*YOUR OBJECTIVE*: Find the line containing "Verrouillage central électrique" in the listing below; reproduce it and every line after, exactly. Skip pictures.

*DATA EXTRACT*:
+++++

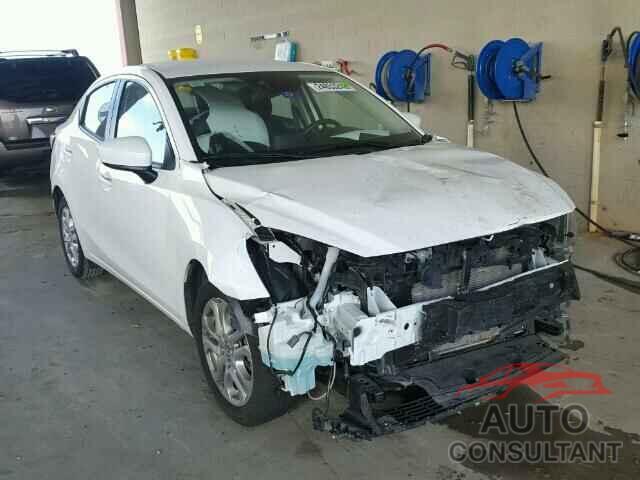 TOYOTA YARIS 2017 - 3MYDLBYV5HY183662
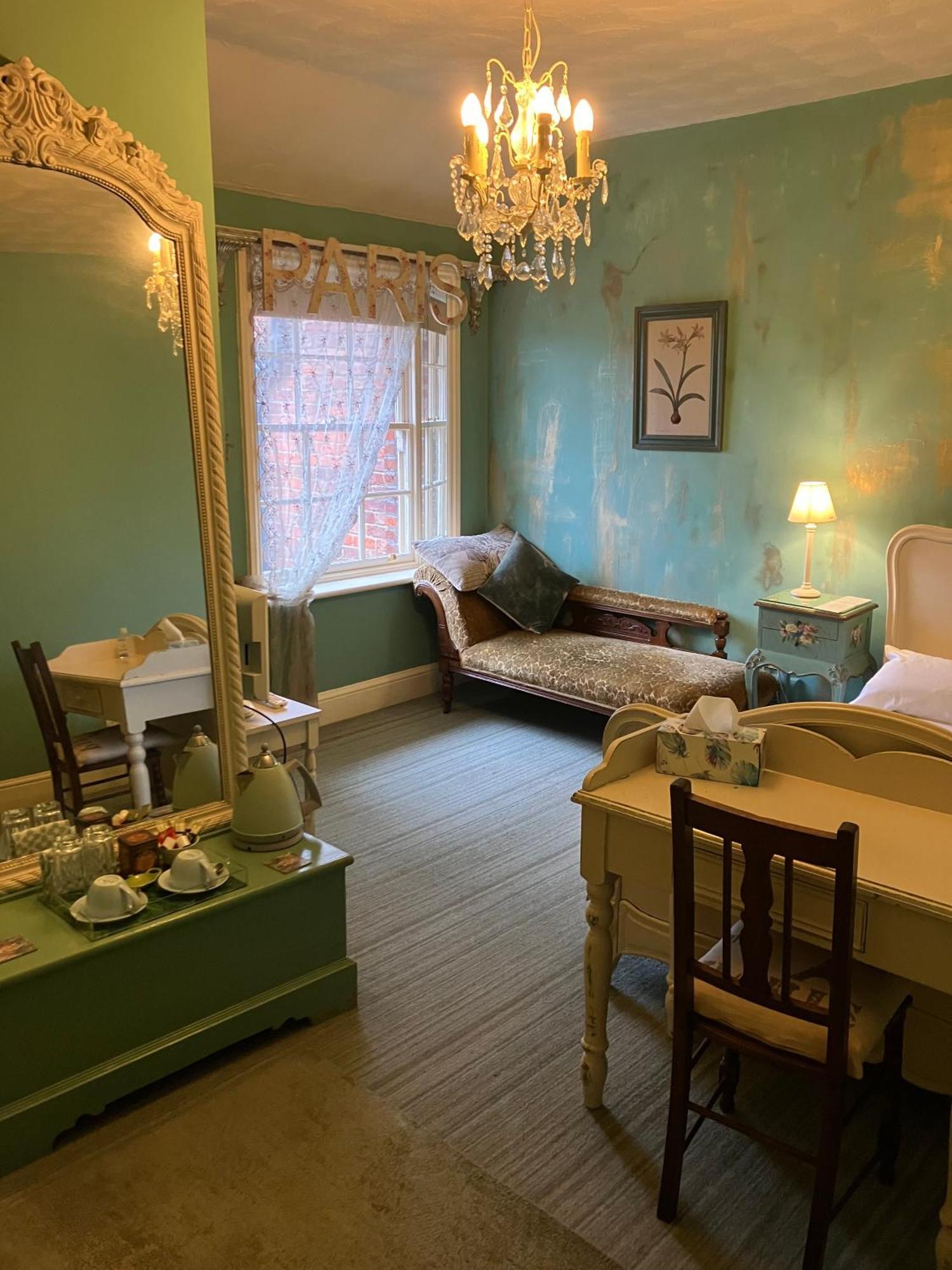 Cornerstones Guest House Сейл Екстериор снимка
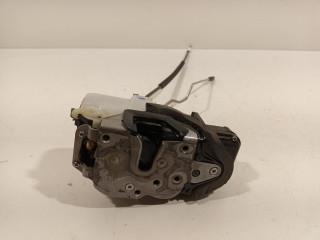 Verrouillage central électrique de porte à mécanisme de verrouillage avant droit Opel Astra J Sports Tourer (PD8/PE8/PF8) (2014 - 2015) Combi 1.6 CDTI 16V (B16DTL(Euro 6))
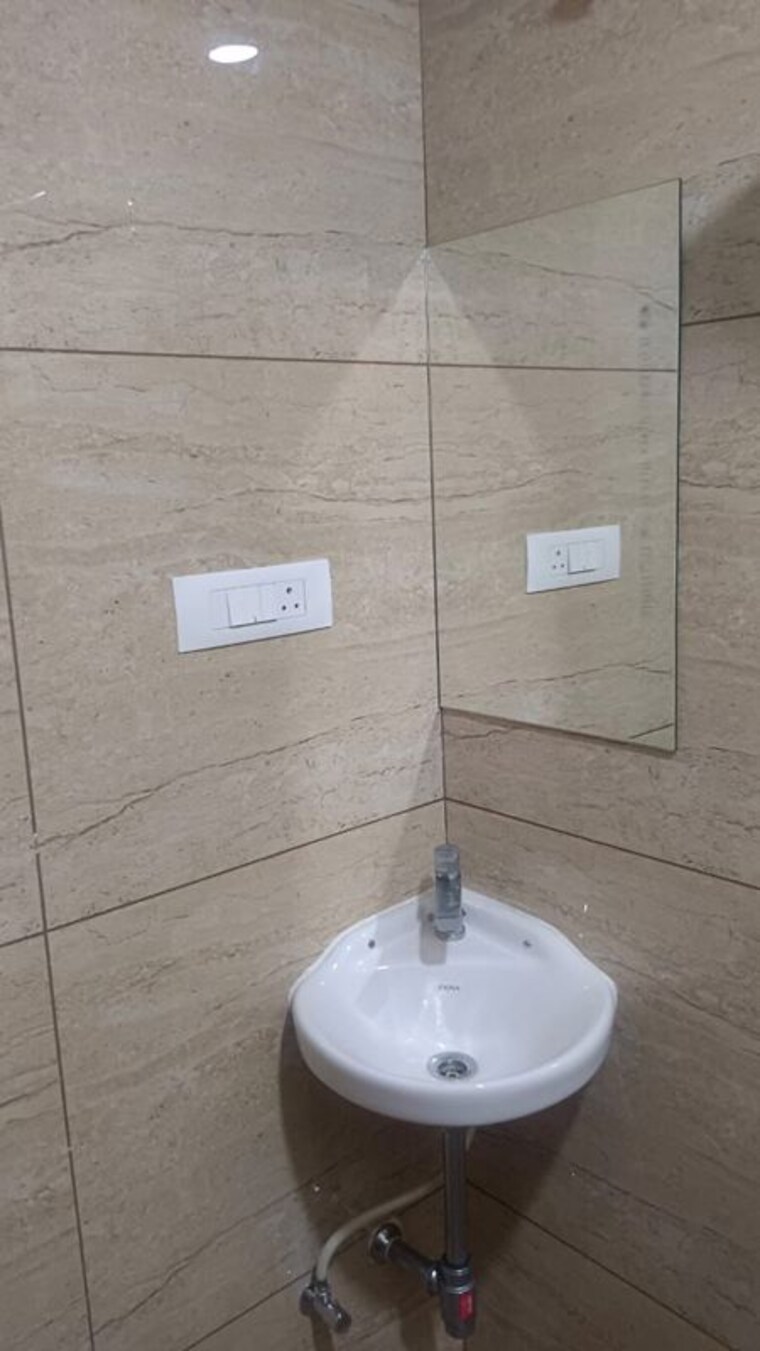 Bathroom, chandak-34-park-estate 1 Bedroom 390 Sq.Ft. Apartment In Goregaon West Mumbai 10033582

+++++

*REPLY TO THE EXERCISE*:
 Verrouillage central électrique de porte à mécanisme de verrouillage avant droit Opel Astra J Sports Tourer (PD8/PE8/PF8) (2014 - 2015) Combi 1.6 CDTI 16V (B16DTL(Euro 6))
 Bathroom, chandak-34-park-estate 1 Bedroom 390 Sq.Ft. Apartment In Goregaon West Mumbai 10033582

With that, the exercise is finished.